Alzo las manos, las palmas hacia arriba.

—¿Qué? ¿El orinal de Zeus?

Las cinco mujeres vuelven a retroceder un paso, como si hubiera dicho alguna obscenidad. Recuerdo que (por buenos motivos) la blasfemia no es el deporte casual que era en mi época, a finales del siglo XX. Estos dioses son muy reales, e insultarlos tiene sus consecuencias. Miro las paredes y espero que el plomo nos proteja en efecto de la mirada del Olimpo... no por el chiste a costa de la escupidera, sino por lo que parece que planeamos decidir aquí.

—Cuando estuve con Afrodita durante el juicio de los dioses —dice Helena en voz baja—, vi a la diosa cepillarse el brillante cabello con un hermoso peine de plata forjado por algún dios de la artesanía. Ve a sus habitaciones en el Olimpo y tráelo.

Empiezo a recordarles lo que les he dicho ya, que Afrodita está ahora mismo flotando en una tina de curación, pero de pronto caigo en la cuenta de que eso da igual. Su peine no estará en el tanque con ella.

—Muy bien —digo, agarrando el medallón y recogiendo el Casco de Hades—. No os vayáis a ninguna parte mientras estoy fuera.

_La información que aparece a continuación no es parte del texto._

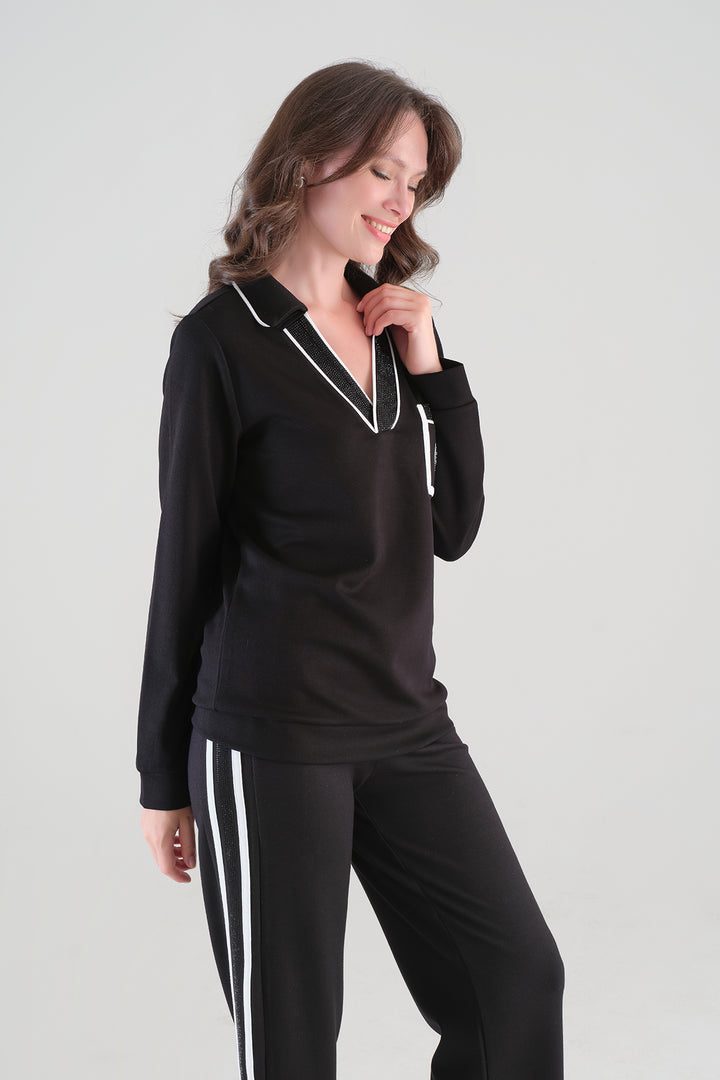 Tricotto Knit Pullover 96174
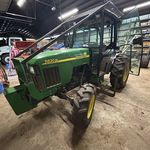 Used 2004 John Deere 5520N at Papé Machinery Ag & Turf in Donald, OR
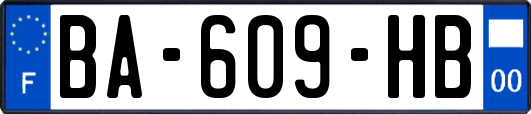 BA-609-HB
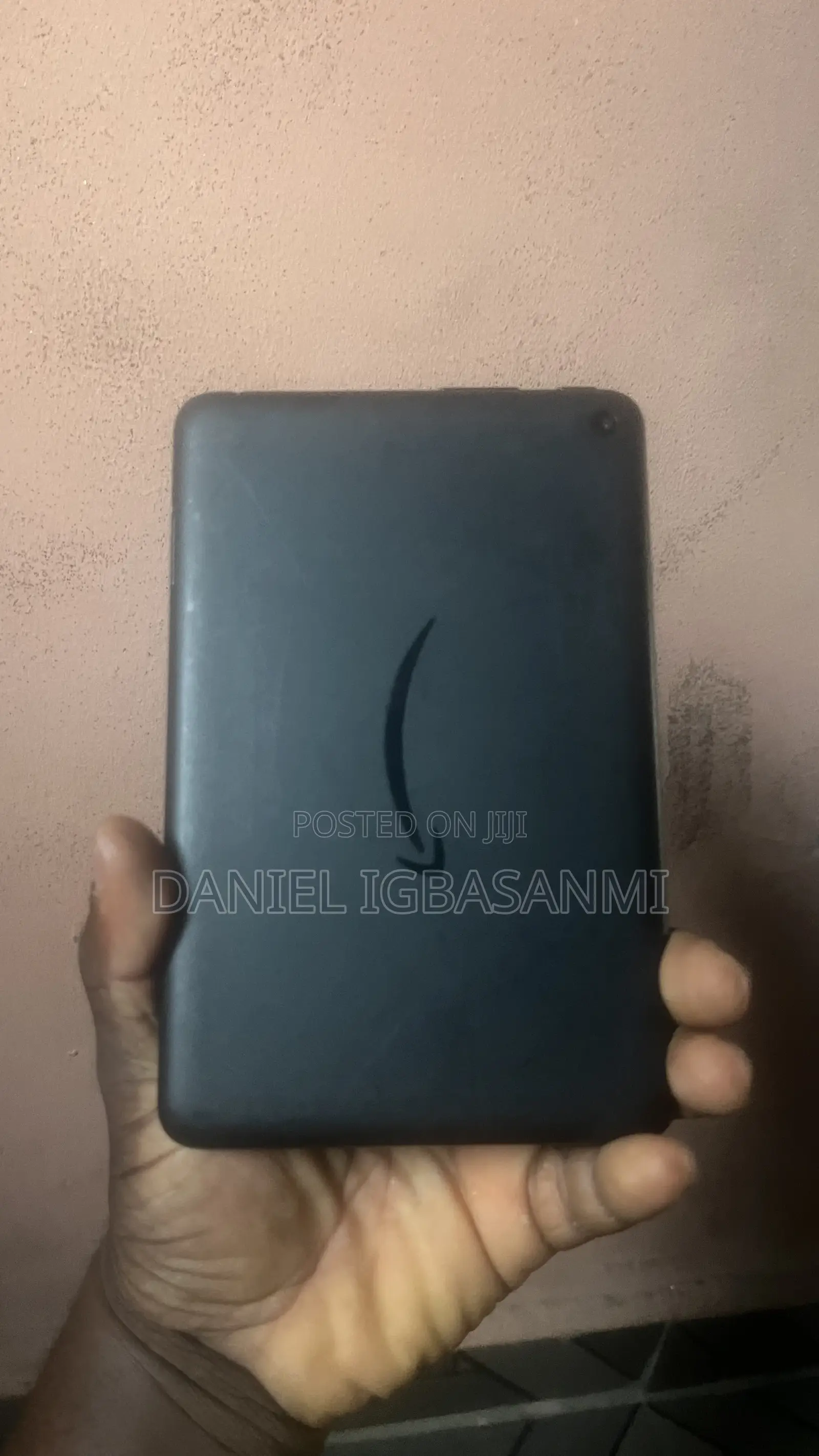 Amazon Fire 7 16 GB Black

Me pongo la capucha antes de disparar el medallón, así que mi voz debe de llegarles desde el vacío en el segundo o dos que transcurren antes de que me TCee.

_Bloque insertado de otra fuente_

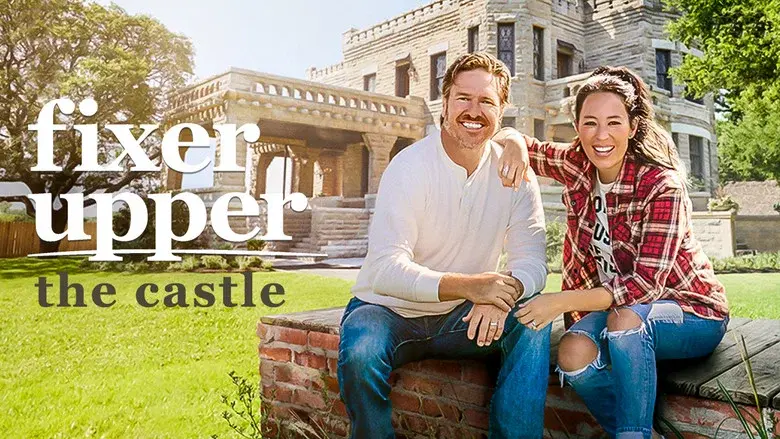 Fixer Upper: The Castle still 7
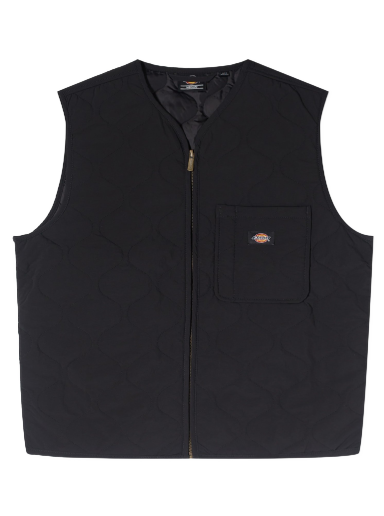 Жилетка Dickies Thorsby Liner Vest Черно | DK0A4YG7BLK1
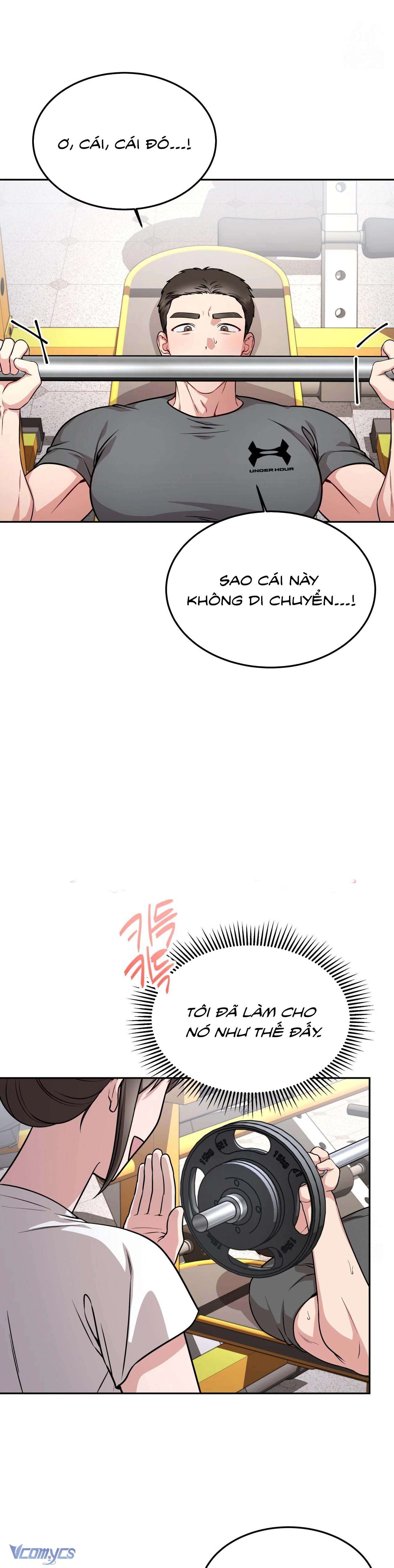 [18+] Làm Chuyện Dâm Đãng Với Tôi Không Chapter 15 2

No sé con seguridad dónde están las habitaciones privadas de Afrodita (probablemente ocupa una de esas casas blancas del tamaño de un templo situadas a lo largo del cráter del lago de aquí arriba), pero recuerdo que en el momento en que me llevó aparte, casi seduciéndome, cuando me dijo que tenía que matar a Atenea, la musa me había llevado a ver a Afrodita a una cámara situada a la salida del gran salón de los dioses. Si no eran sus habitaciones privadas, mantenía por lo visto un apartamento en el gran salón, una especie de
pied-à-terre
olímpico.

Aparezco en el gran salón y contengo el aliento.

Los muchos niveles están vacíos, el salón casi oscuro y en la gigantesca piscina de visión holográfica sólo hay estática tridimensional. Pero varios dioses están aquí, incluido Zeus, a quien yo imaginaba lejos, sentado en el monte Ida contemplando la matanza en el campo de batalla de Troya. El rey de los dioses está sentado en su alto trono dorado. Cerca hay otros dioses varones, entre ellos Apolo. Todos son altos, de tres metros o más. Estoy a doce metros de distancia y soy invisible bajo el Casco de Hades, pero casi contengo el aliento, temeroso de que me oigan respirar. Pero su atención está fija en otra cosa.

Ante el trono, en el centro del círculo de dioses, incongruentes por decirlo de manera suave, se encuentran lo que parece ser un gigantesco cangrejo metálico, cascado y abollado, del tamaño de un Ford Expedition, un par de aparatos de aspecto futurista y un pequeño y brillante robot humanoide. El robot está hablando... en inglés. Los dioses lo escuchan, pero no parecen contentos.

38
Atlántida y órbita terrestre

—No comprendo por qué los posthumanos llamaron «Atlántida» a ese lugar al que nos dirigimos —dijo Harman.

Savi, a los controles del reptador, contestó:

—No puedo decir que haya comprendido jamás la mayoría de las acciones de los posts.

Daeman alzó la cabeza masticando despacio su tercio de la única barra nutritiva que les quedaba.

—¿Qué tiene de extraño el nombre «Atlántida»?

—En los mapas de la Edad Perdida —dijo Harman—, el océano Atlántico es el gran cuerpo de agua que se encuentra al oeste de aquí, tras las Manos de Hércules. Estamos en la cuenca de lo que solía ser el mar Mediterráneo. No está en el Atlántico.

—¿No?

—No.

—¿Y qué? —dijo Daeman.

Harman se encogió de hombros y guardó silencio.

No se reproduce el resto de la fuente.